Thursday, August 11, 2011

Britain Burning


London is burning. I am deeply saddened and surprised by pictures of people looting shops and burning down buildings. What do those young people think they will accomplice?

I remember the times I was in London. I spent two weeks of roaming around central London looking for Wren churches when I visited Margaret and Jack at their home in Highgate. Another time I walked from my dormitory at the University of London to the National Gallery at Trafalgar Square or passed afternoons at the British Museum sitting with the Elgin Marbles, the only air-conditioned room I found while attending a three-week class in script writing during the hottest summer the Brits ever experienced.

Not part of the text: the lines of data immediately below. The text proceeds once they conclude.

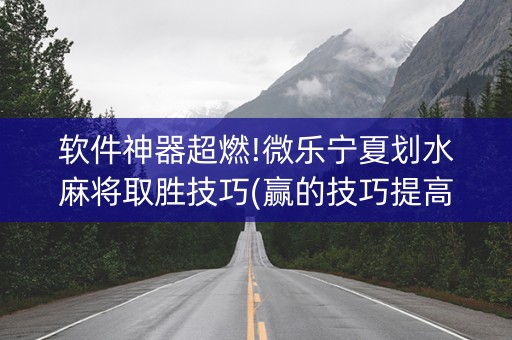 软件神器超燃!微乐宁夏划水麻将取胜技巧(赢的技巧提高胜率)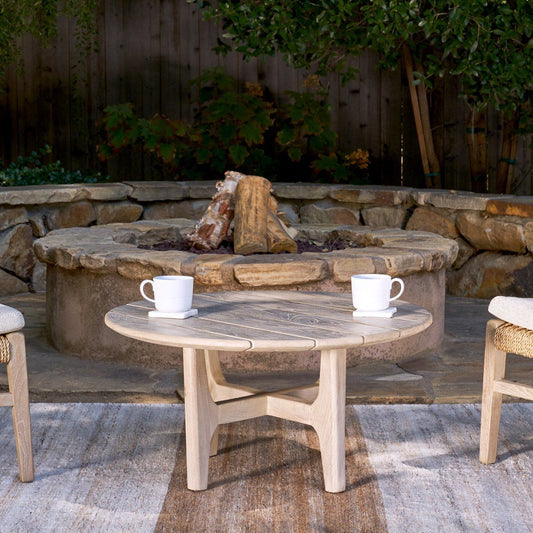 Dawn - 31.5" Outdoor Round Coffee Table - Gray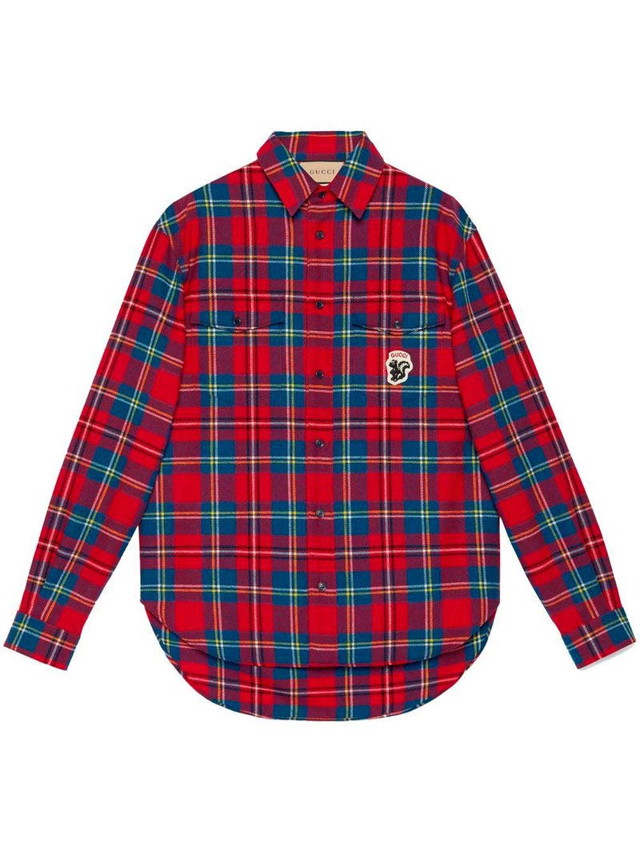 Ing Gucci Tartan Skunk-Patch Shirt Red 
Piros | 720960 ZAK7U 6499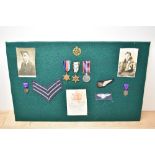 A WWII Medal Group on display board to Sergeant William Stanley Edwards RAF Bomber Command, 1939-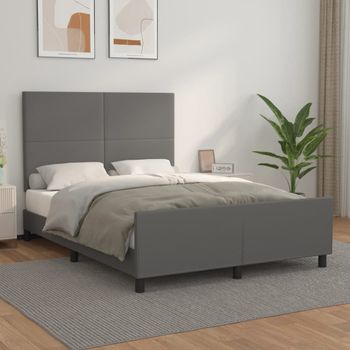 Cama Doble | Cama Para Adultos | Estructura De Cama Con Cabecero Cuero Sintético Gris 140x190 Cm Cfw7584457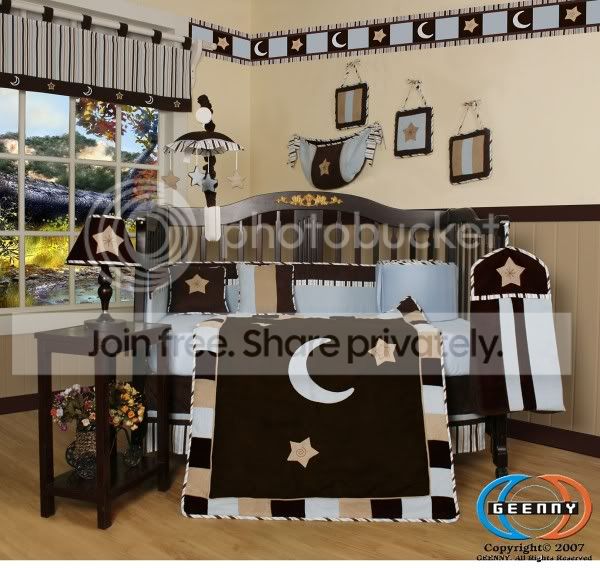 GEENNY Boutique Brand New GEENNY Brown Blue Star & Moon 13-PCS CRIB BEDDING SET at Sears.com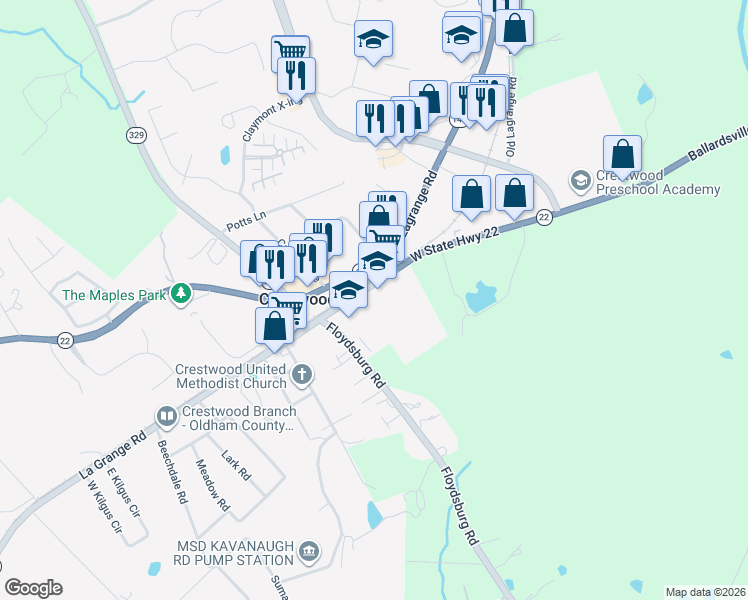 map of restaurants, bars, coffee shops, grocery stores, and more near 6500 Kentucky 146 in Crestwood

Now I relax in my recliner in my air-conditioned apartment. Dallas bakes under Texas’s hottest and driest summer ever. It has been hot since May, and today is the 41th straight day that the temperature has topped 100 degrees. I dream of the cool summer when John and I exchanged our house in Albuquerque for one in Ipswich, England. In June and July, I wore a sweater under my raincoat every day.

I admired my Ipswich neighbors. They were content, making do with so much less than most of us have in the U.S. They did not buy new clothes or new furniture or bigger houses. None of the women I met considered shopping as a hobby. They preferred going to theater and the Antiquarian Society, and singing in the local chorus.

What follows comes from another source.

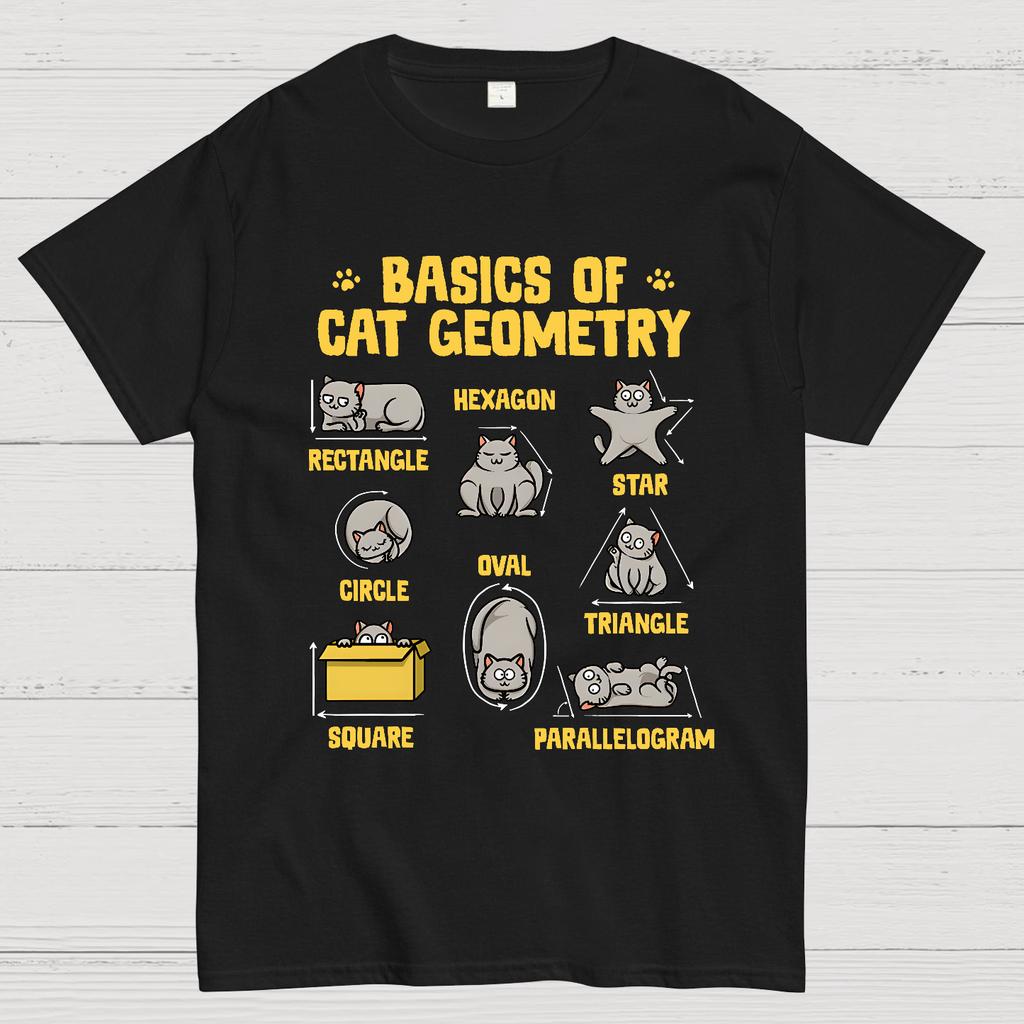 Basics of Cat Geometry Cotton Summer Casual Cool Loose T-Shirt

Recently my friend Joyce wrote how unhappy they were with the British government’s austerity measures. My English friends are disturbed by proposed cuts in the health system. Joyce worries about losing free visits to a specialist for treatment for Parkinson’s.

After our six weeks in Ipswich, John and I spent a week in London. We did not go to the East End, where the poor people live. But to riot and burn the city? Desperate people do desperate things.

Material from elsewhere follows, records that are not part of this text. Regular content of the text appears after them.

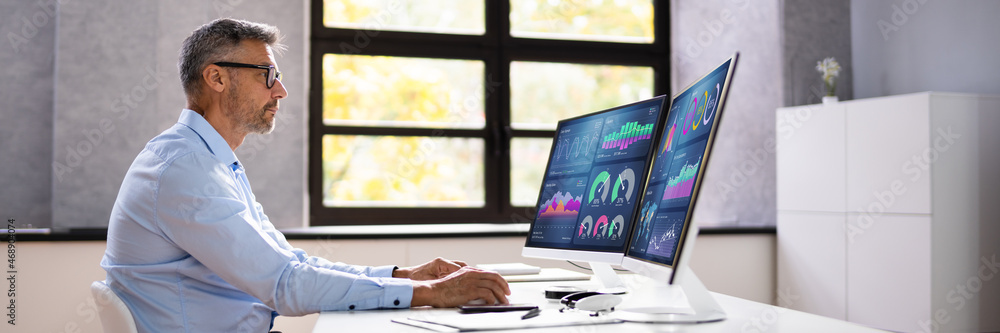 Aufkleber kpi business analytics data dashboard
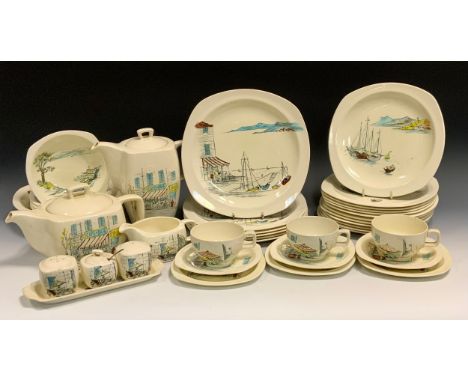 An Extensive Midwinter Riviera pattern table service designed by Hugh Casson inc dinner plates,  salad pates, coffee pot, tea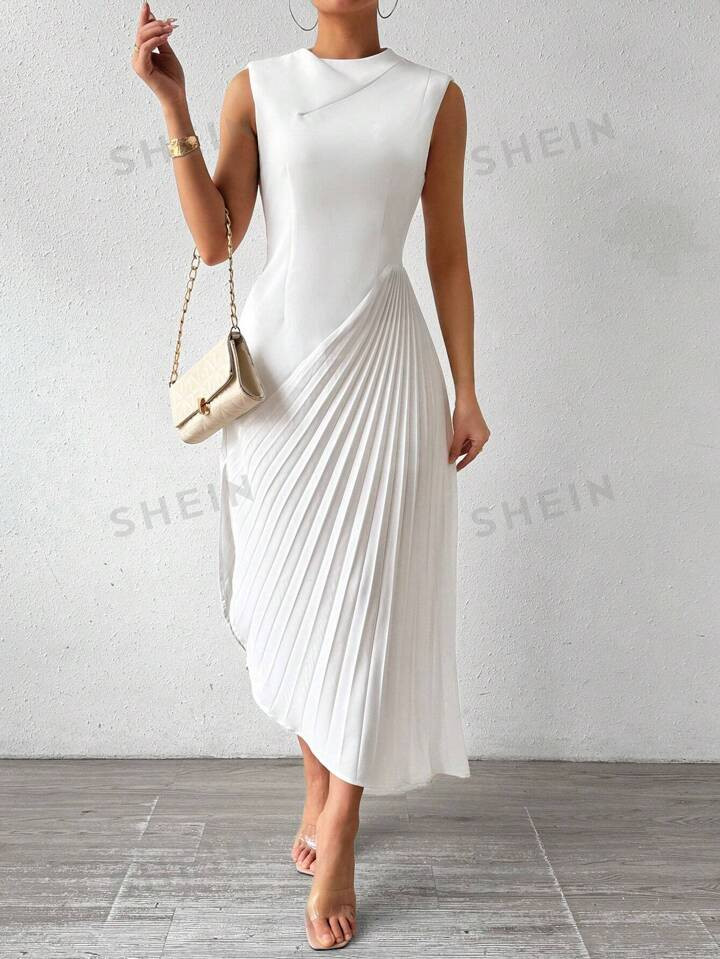 SHEIN Privé Solid Color Asymmetric Hem Pleated Patchwork Dress | SHEIN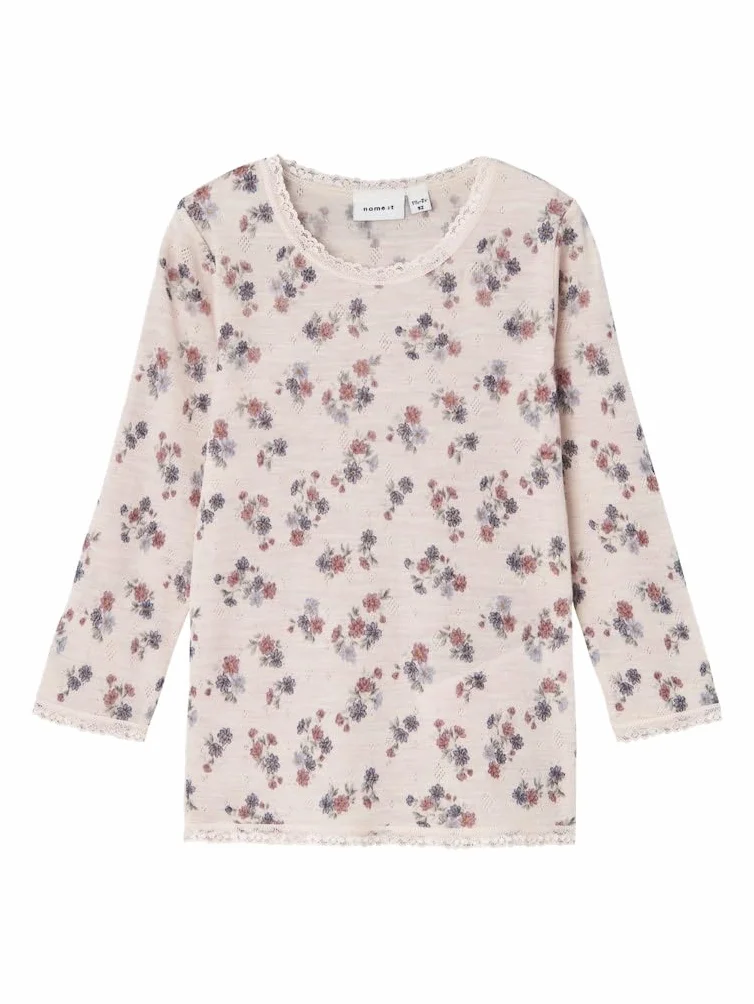 NAME IT Dziewczęca Nmfwang Wool Needle Ls Top Noos koszulka z długim rękawem, biały, 110 cm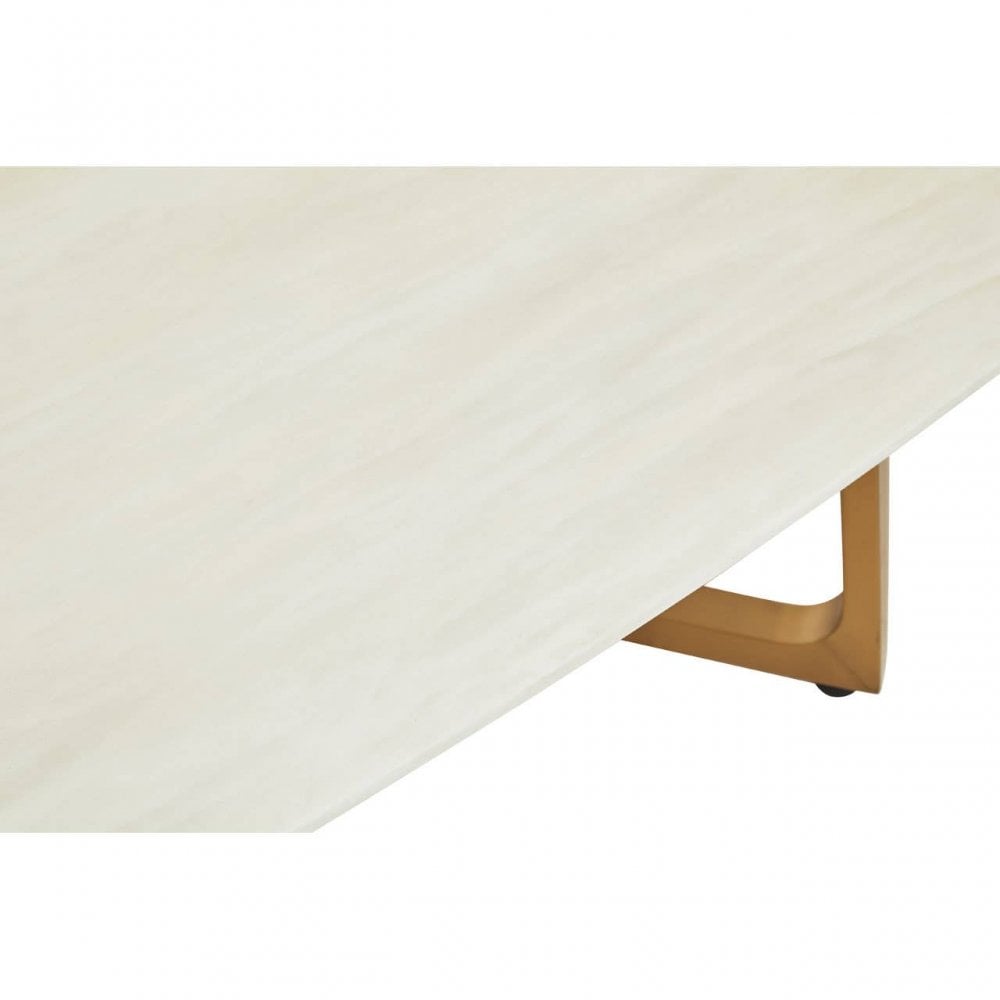 Moda White Marble Coffee Table With Brushed Gold Base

It happened here. My family left Michigan the year before the 1967 Detroit riots. Last night I talked to a friend who was there. During the riots it was too dangerous for a single woman to be alone on the streets. Her boss at the supermarket where she worked sent a car to her Detroit home to pick her up and take her home afterwards. It was a terrifying time, like a war.

I remember the horrific pictures of Los Angeles burning during the Watts riots. I also remember when my husband’s mother died. Wallace flew to Chicago; I followed in the car, driving from Texas to Illinois with the three children. I drove into Chicago at dusk. Months after Martin Luther King was killed, I was shocked, seeing empty black windows in burned out apartment buildings on Chicago’s West Side.

It could happen again.

Today the unemployment rate in poor neighborhoods is over 16 per cent. Republicans demand that all government programs and benefits must be cut. . . . like in England.